NEWS24XX.COM – Bukan karena pelecehan seksual, motif Ferdy Sambo bunuh Brigadir J masih jadi misteri, meski telah divonis hukuman mati.
Hingga kini, motif atau alasan yang mendasari sang Mantan Kadiv Propam Ferdy Sambo untuk membunuh ajudannya, Brigadir Nofriansyah Yosua Hutabarat alias Brigadir J masih menjadi misteri.
Belum terungkap, apa yang jadi motif atau alasan yang mendasari Ferdy Sambo untuk membunuh putra dari Rosti Simanjutak itu.
Meski majelis hakim Pengadilan Negeri (PN) Jakarta Selatan telah menjatuhkan vonis hukuman pidana mati kepada bekas inspektur jenderal Polri itu pada Senin (13/2), namun motif atau alasan yang mendasari sang Mantan Kadiv Propam Ferdy Sambo untuk membunuh ajudannya, Brigadir Nofriansyah Yosua Hutabarat alias Brigadir J masih menjadi misteri.
Adapun ketua majelis hakim Wahyu Iman Santoso menyatakan jika motif pembunuhan Brigadir J tidak terkait dengan kekerasan seksual yang dialami Putri Candrawathi, istri Ferdy Sambo.
Kesimpulan itu diambil berdasarkan pemeriksaan dalam persidangan yang telah bergulir sejak Oktober tahun lalu.
“Berdasarkan uraian pertimbangan tersebut di atas, dengan demikian motif adanya kekerasan seksual yang dilakukan oleh korban Nofriansyah Yosua Hutabarat terhadap Putri Candrawathi tidak dapat dibuktikan menurut hukum,” ungkap hakim Wahyu saat membacakan pertimbangan perkara Ferdy Sambo, PN Jakarta Selatan, Senin (13/2).
Hakim Wahyu menyebutkan jika motif pembunuhan Brigadir J lebih karena perasaan sakit hati Putri terhadap perbuatan atau sikap Yosua.
“Sehingga motif yang lebih tepat menurut majelis hakim adanya perbuatan atau sikap korban Nofriansyah Yosua Hutabarat, di mana perbuatan atau sikap korban Nofriansyah Yosua Hutabarat tersebut yang menimbulkan perasaan sakit hati yang begitu mendalam terhadap Putri Candrawathi,” kata hakim.
Namun, hingga kasus ini selesai, hakim tidak mengungkapkan gamblang perbuatan Yosua dimaksud.
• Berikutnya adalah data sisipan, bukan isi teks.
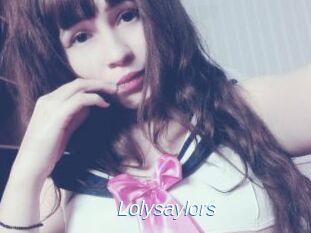 Lolysaylors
Bahkan dalam persidangan, hakim juga mengungkapkan jika tidak ada bukti valid mengenai pelecehan atau kekerasan seksual yang dilakukan Yosua terhadap Putri.
Menurut hakim, Putri memiliki posisi dominan dibandingkan Yosua karena yang bersangkutan merupakan istri dari seorang jenderal polisi bintang dua dan berlatar belakang pendidikan dokter, sementara Yosua hanyalah lulusan SLTA yang berpangkat Brigadir.
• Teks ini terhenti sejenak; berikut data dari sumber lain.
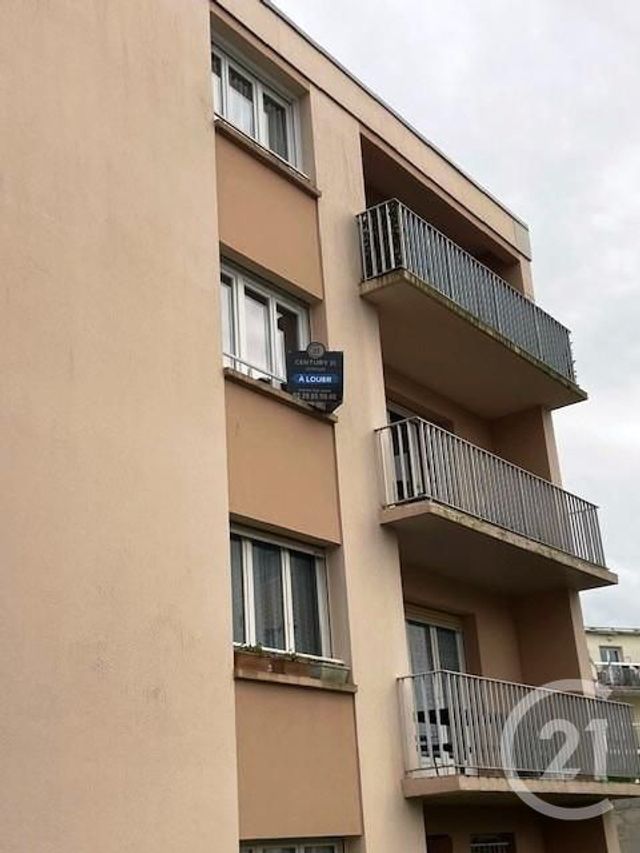 Appartement Studio à louer - 1 pièce - 21.21 m2 - VERDUN - 55 - LORRAINE - Century 21 L'Immobilière Verdunoise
Bahkan Yosua pun hanya ditugaskan sebagai ajudan Sambo dalam membantu Putri baik sebagai sopir maupun tugas lain.
“Sehingga dengan adanya ketergantungan relasi kuasa dimaksud sangat kecil kemungkinannya kalau korban Nofriansyah Yosua Hutabarat melakukan pelecehan seksual atau kekerasan seksual terhadap Putri,” tutur hakim.
Ferdy Sambo sendiri divonis dengan hukuman mati karena dinilai terbukti melakukan pembunuhan berencana.
Ia juga divonis karena tanpa hak melakukan perbuatan yang menyebabkan sistem elektronik tidak berfungsi sebagaimana mestinya.
Sambo dinilai terbukti melanggar Pasal 340 KUHP jo Pasal 55 ayat 1 ke-1 KUHP dan Pasal 49 jo Pasal 33 UU ITE jo Pasal 55 ayat 1 ke-1 KUHP.
Putusan tersebut dijatuhkan oleh ketua majelis hakim Wahyu Iman Santoso dengan anggota Morgan Simanjuntak dan Alimin Ribut Sudjono.
Sementara itu, istri Sambo, Putri divonis penjara 20 tahun.
Putri dinilai terbukti secara sah dan meyakinkan bersalah turut serta melakukan pembunuhan berencana terhadap Yosua sebagaimana diatur dan diancam dalam Pasal 340 KUHP jo Pasal 55 ayat 1 ke-1 KUHP.
Usai dijatuhi vonis, Ferdy Sambo dan Putri akan memanfaatkan waktu tujuh hari untuk pikir-pikir mengajukan banding.
Sebagai kilas balik, pembunuhan terhadap Yosua terjadi pada Jumat, 8 Juli 2022 di rumah dinas Sambo nomor 46 di Kompleks Polri, Duren Tiga, Jakarta Selatan.